VI.

Dans le même temps elle se ressouvint de l'ancienne amitié qu'elle avait conçue, en 1792, pour la femme du premier consul, qui fut plus tard l'impératrice Joséphine Beauharnais. Joséphine lui répondit:

Paris, 1801.

Combien je vous remercie, ma chère amie, de l'intérêt touchant que vous nous accordez, à Bonaparte et à moi! Une amitié distinguée comme la vôtre offre des consolations au milieu des idées affligeantes qui naissent des dangers continuels auxquels on est exposé, et l'on regrette moins de les avoir courus quand ils excitent les témoignages d'une estime aussi pure que celle que vous nous laissez voir.

Joséphine Bonaparte, née La Pagerie.

P. S. Je vois souvent ici M. de Lucchesini, dont j'estime beaucoup l'esprit et le caractère. Nous parlons de vous fréquemment, et je l'aime à cause de l'attachement qu'il vous porte.—Dites, je vous prie, de ma part, à Mme de Bernardini tout ce que vous pouvez imaginer d'aimable. Adieu, chère princesse.

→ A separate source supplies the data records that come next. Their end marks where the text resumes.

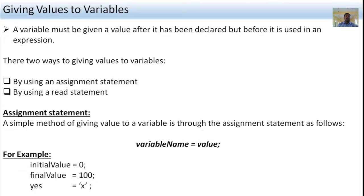Next, giving values to variables. A variable must be given a value after it has been declared but before it is used in an expression. There are two ways of giving values to a variable: by using an assignment statement, or by using a read statement.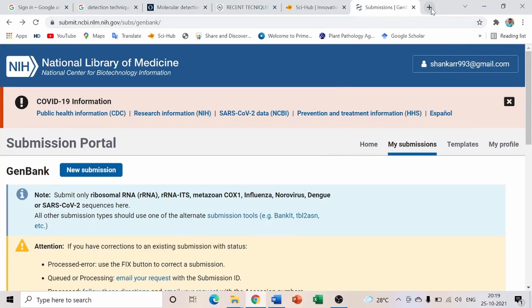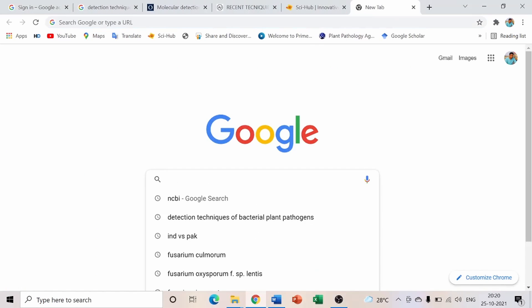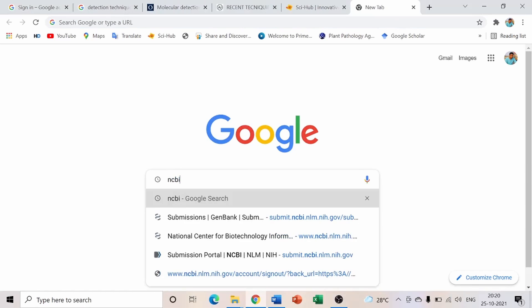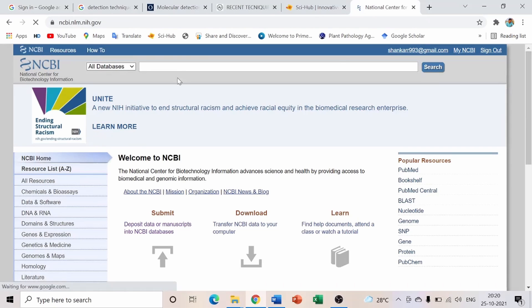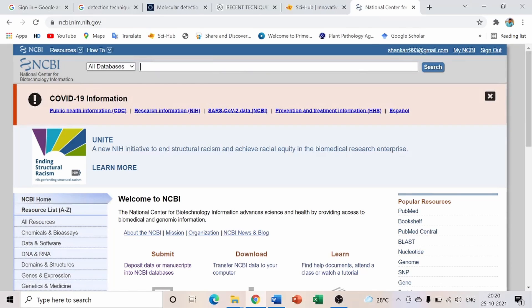Let me show you an example: during my MSc, I already submitted two sequences to GenBank. Go to NCBI, and in the database search, type your accession number — the one assigned after your submission is fully processed.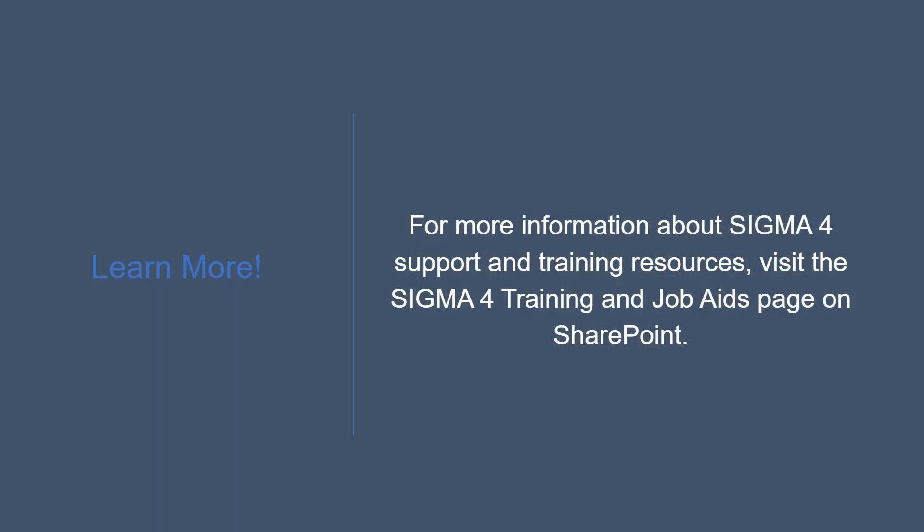Resources available in Advantage Assistant will grow over time as new content will be added. For more information about Sigma 4 support and training resources, visit the Sigma 4 training and job aids page on SharePoint.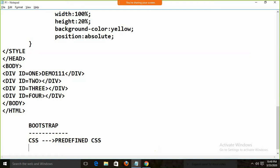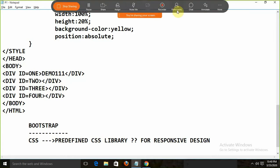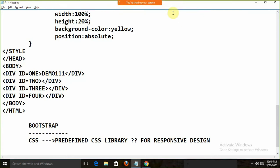Today I'm going to give you a description about Bootstrap. That website contains each and everything about Bootstrap. First of all, what exactly is Bootstrap? It's a predefined CSS library. Why do we use this library? We use this library for responsive design. Responsive design means if I open the website on mobile or on a desktop or laptop, the look and feel should be constant. Bootstrap is a product developed by Twitter.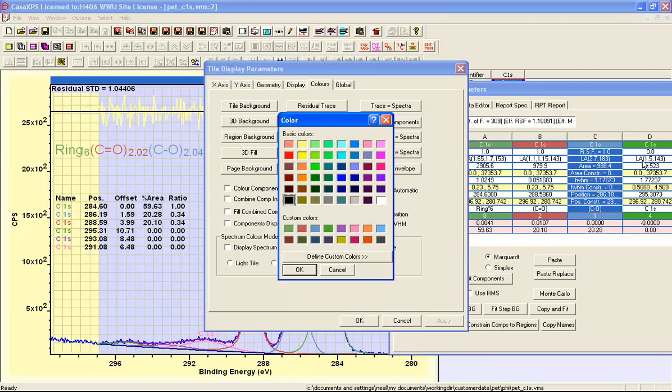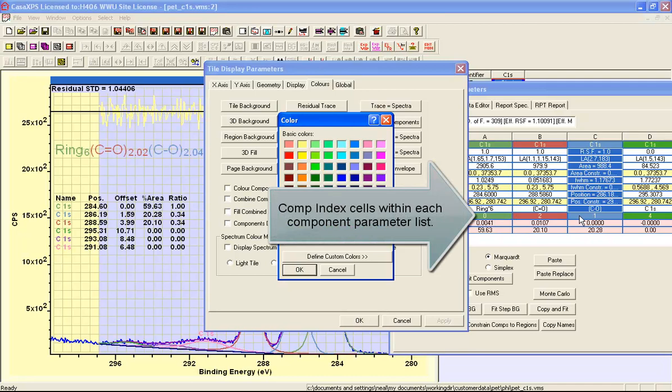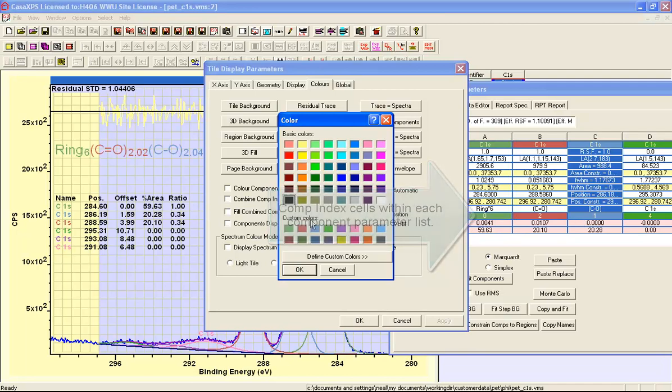However, the component index can be used to override this sequence. If you define different values for the component indices for each of these components you can assign a specific color from this palette.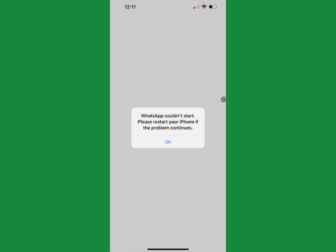Hello guys, welcome back. In this video I'm going to show you how to fix the WhatsApp error 'Could not start, please restart your iPhone.' If you're facing this type of issue on your iPhone, I'll help you fix this problem.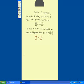Separate the variables here, so we get 1 divided by 6 minus h, dh is equal to 1 divided by 20 dt.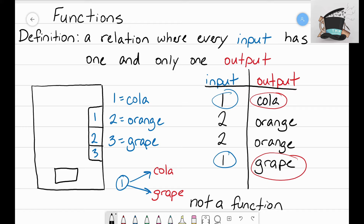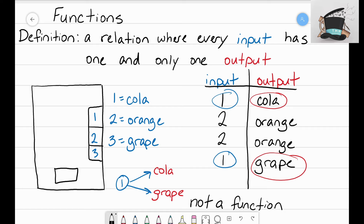Hopefully this helps you see that vending machines are a great example of what a function is. In the next video we're going to revisit this example and tweak it a bit to further deepen your understanding of what a function is. It's that Math Magician — I'll see you next time.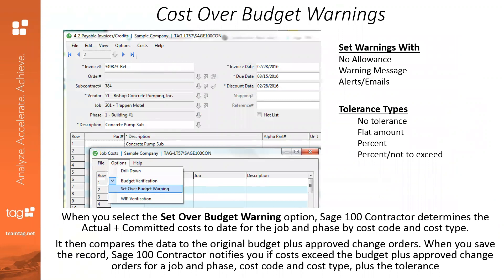Let's talk about cost over budget warnings. Sage 100 Contractor tracks all costs against the prime contracts, budget, and subcontracts. When an invoice comes in, the software will automatically warn if it's not for something in the contract, and it also raises a red flag if costs exceed what's outlined. These red flags can be either a soft warning or they can completely stop you from proceeding — that's totally up to you. You also have tolerance types: a percentage or a flat dollar amount, making it very customizable.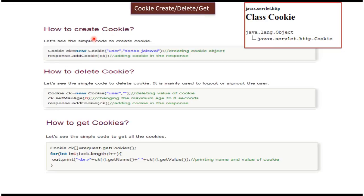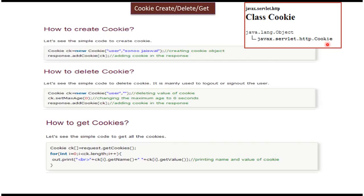First we will see how to create the cookie. So the javax.servlet.http package has cookie class. Using this cookie class we can create the cookie. So this cookie class provides a constructor and methods using that we can create the cookie object.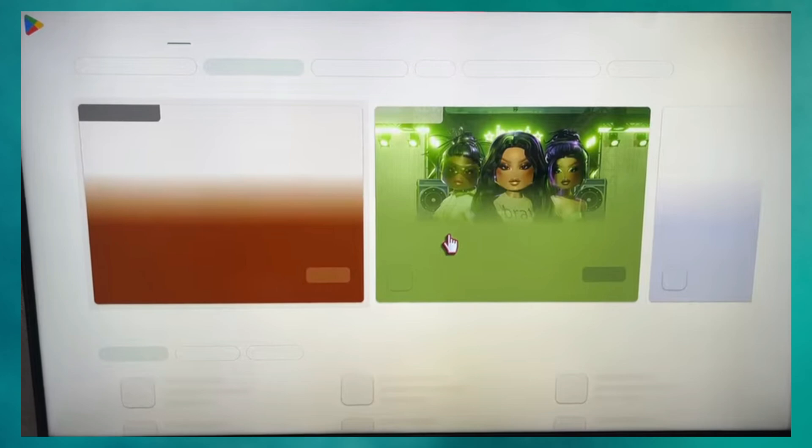Keep in mind, LG Smart TVs run on WebOS, not Android, so the Google Play Store isn't natively available. To use Android apps, you would need an external Android device like a TV box, Fire Stick, or Chromecast with Google TV.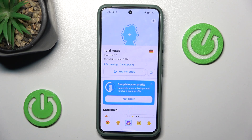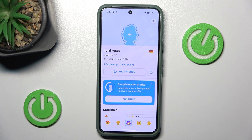Hey guys, welcome to this channel. In this video I will show you how to disable motivational messages on Duolingo.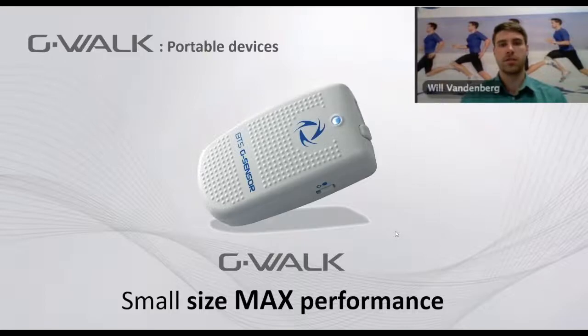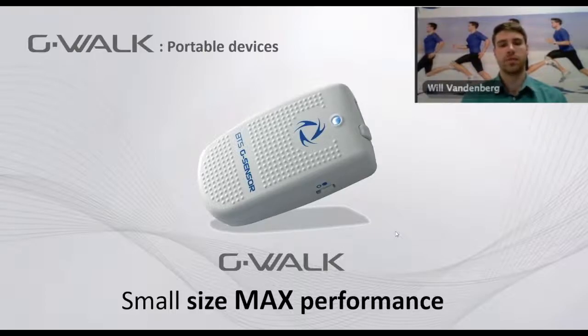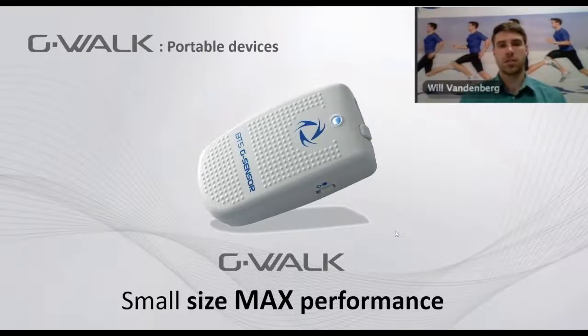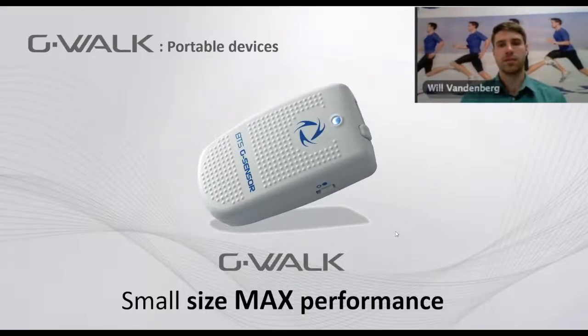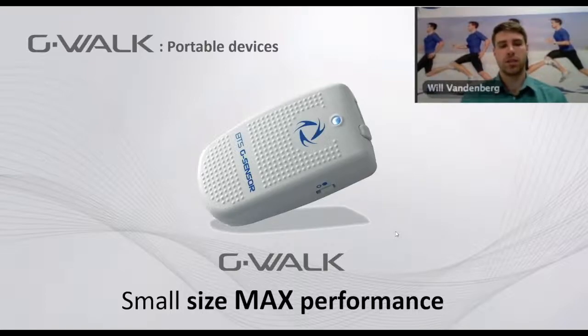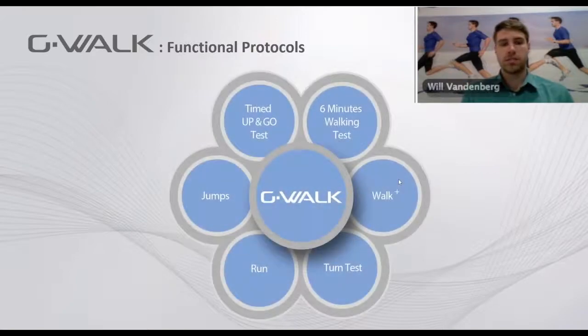It's quite small in size. It measures about 70 millimeters by 40 millimeters by 18 millimeters and weighs only 37 grams. The G-WALK system can perform and analyze six different commonly used clinical tests.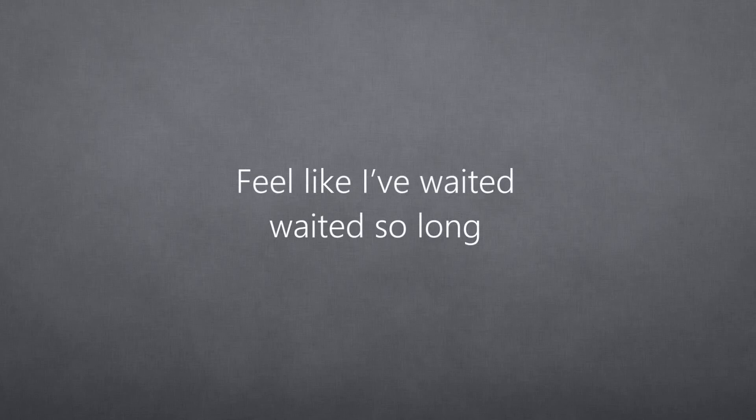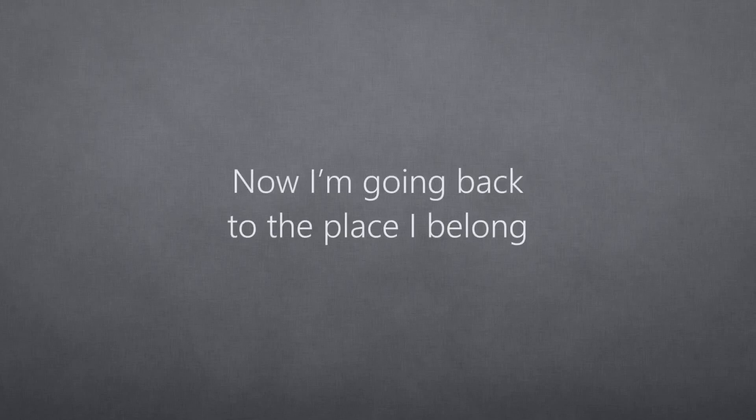Feel like I've waited, waited so long, waited so long. Now I'm going back to the place I belong.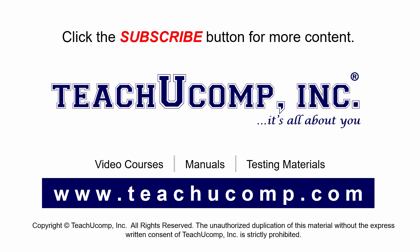Remember to click the subscribe button to see more of our videos. Please visit our website at www.teachucomp.com.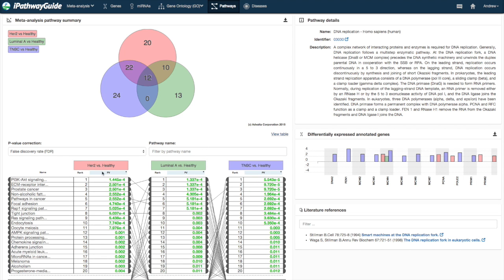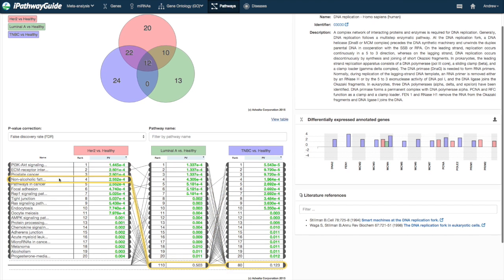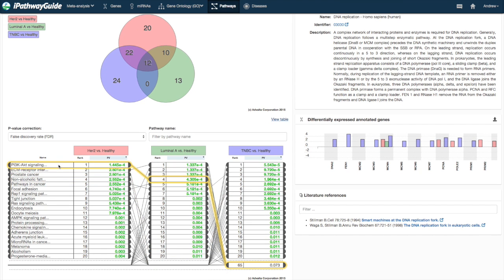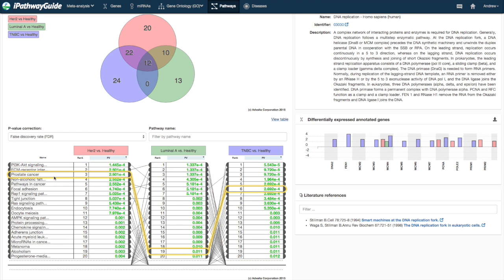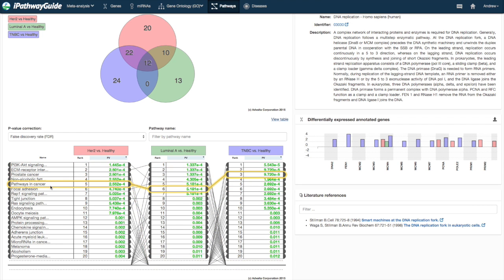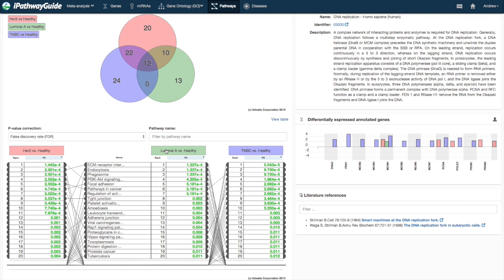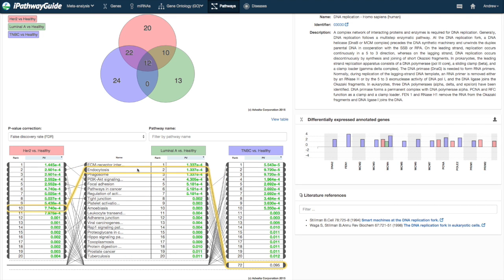For example, in this data set of three breast cancer types—HER2, luminal A, and triple negative—we can see the relative ranking of the pathways between the types. We can also change the focus of the rankings by clicking on the heading of the contrast we want to focus on.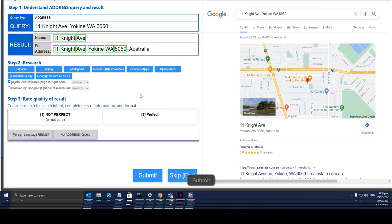It should be like a perfect address where you have the street name, the city, the state, the country, as well as the zip code.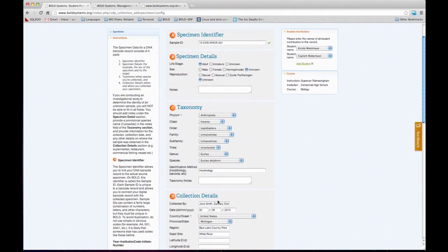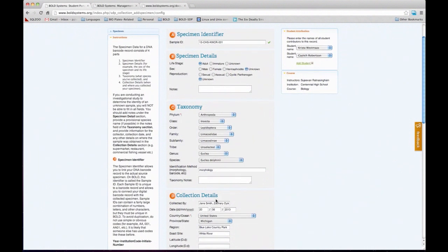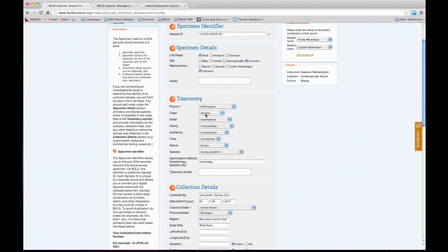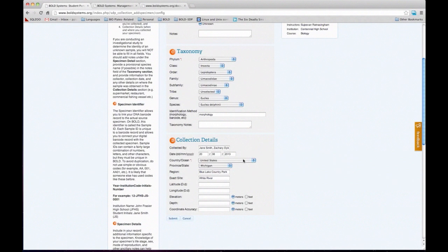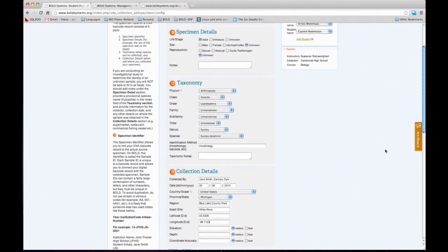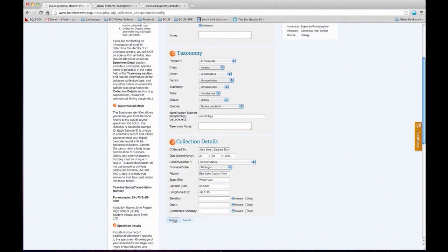In this case, my latitude is 43.53.28 and longitude is minus 86.23.23. Once all the form is filled out and you have the student attributions, you can click Submit. I put the date incorrectly — error messages will be thrown if there is anything wrong. It's usually very helpful because you can figure out what went wrong. The system is pretty self-sufficient, so if there's anything obviously incorrect, it will let you know. Let's try that again.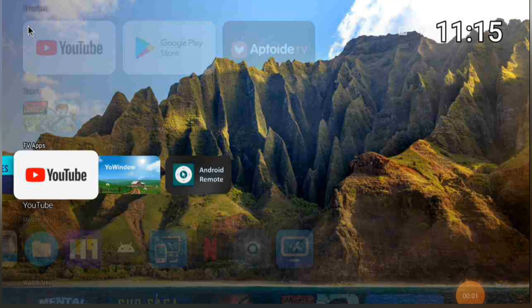Welcome back guys. Today we are going to install a Chrome browser. I was trying to update the Google Play service but it wasn't working, and it was telling me I need to update my browser.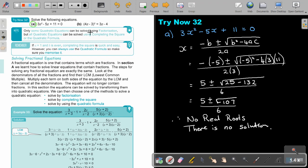Only some quadratic equations can be solved using factorization, but all quadratic equations can be solved using completing the square or the quadratic formula — that is very, very important. If a is 1 and b is even, completing the square is quick and easy. However, you can always use the quadratic formula, so make sure you memorize that formula. In our next video, we will look at solving fractional equations.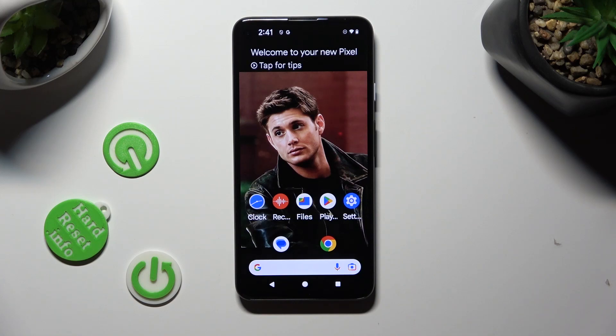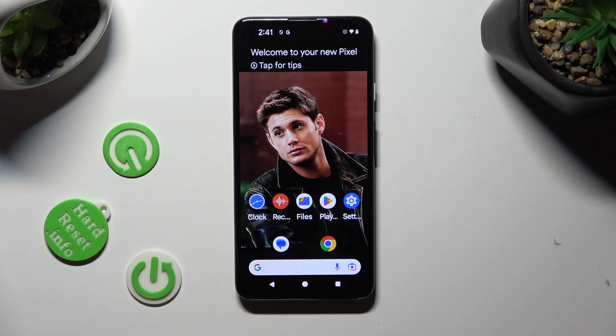Hi, in front of me is an Android 13 and today I would like to show you how you can turn on or off autocorrection.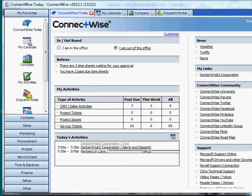Hi, this is Marshall Wright with Decker Wright Corporation. Today we're doing training for ConnectWise and how to set follow-up activities. So the screen you see here is the ConnectWise landing page when you start ConnectWise up.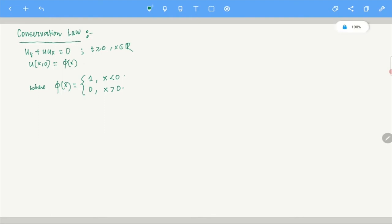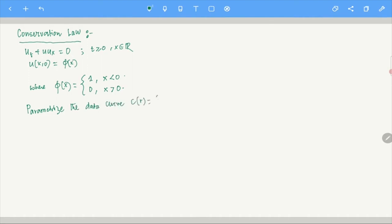I want to solve this problem. You already know the method — parameterizing the data curve. The data curve is given by the curve C with parameter R, which gives (R, 0, phi of R). This belongs to the graph of U.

Mme de Staël, qui l'avait beaucoup connue et cultivée à Paris, de 1789 à 1793, lui écrivit un billet de condoléance. Elle l'appelait sa chère souveraine, et ce nom, où la familiarité s'unissait au respect, flattait les deux femmes:

Bologne, 22 mars 1805.

Je ne sais, madame, si j'ai su vous exprimer comme je le sentais mon respect pour vous et pour votre malheur. Je ne suis jamais entrée sans émotion dans votre maison; je ne vous ai jamais vue sans l'intérêt le plus tendre; je me persuade que nos amis sont réunis, et je vous demande de penser quelquefois au mien, qui a partagé un grand nombre des opinions de celui qui vous fut si cher. Oh! je ne puis croire qu'un jour nous ne nous retrouverons pas tous. L'affection serait sans cela le plus trompeur des sentiments naturels... Mes compliments à vos dames, et pour vous, madame, le plus tendre et le plus respectueux attachement.

Necker de Staël-Holstein.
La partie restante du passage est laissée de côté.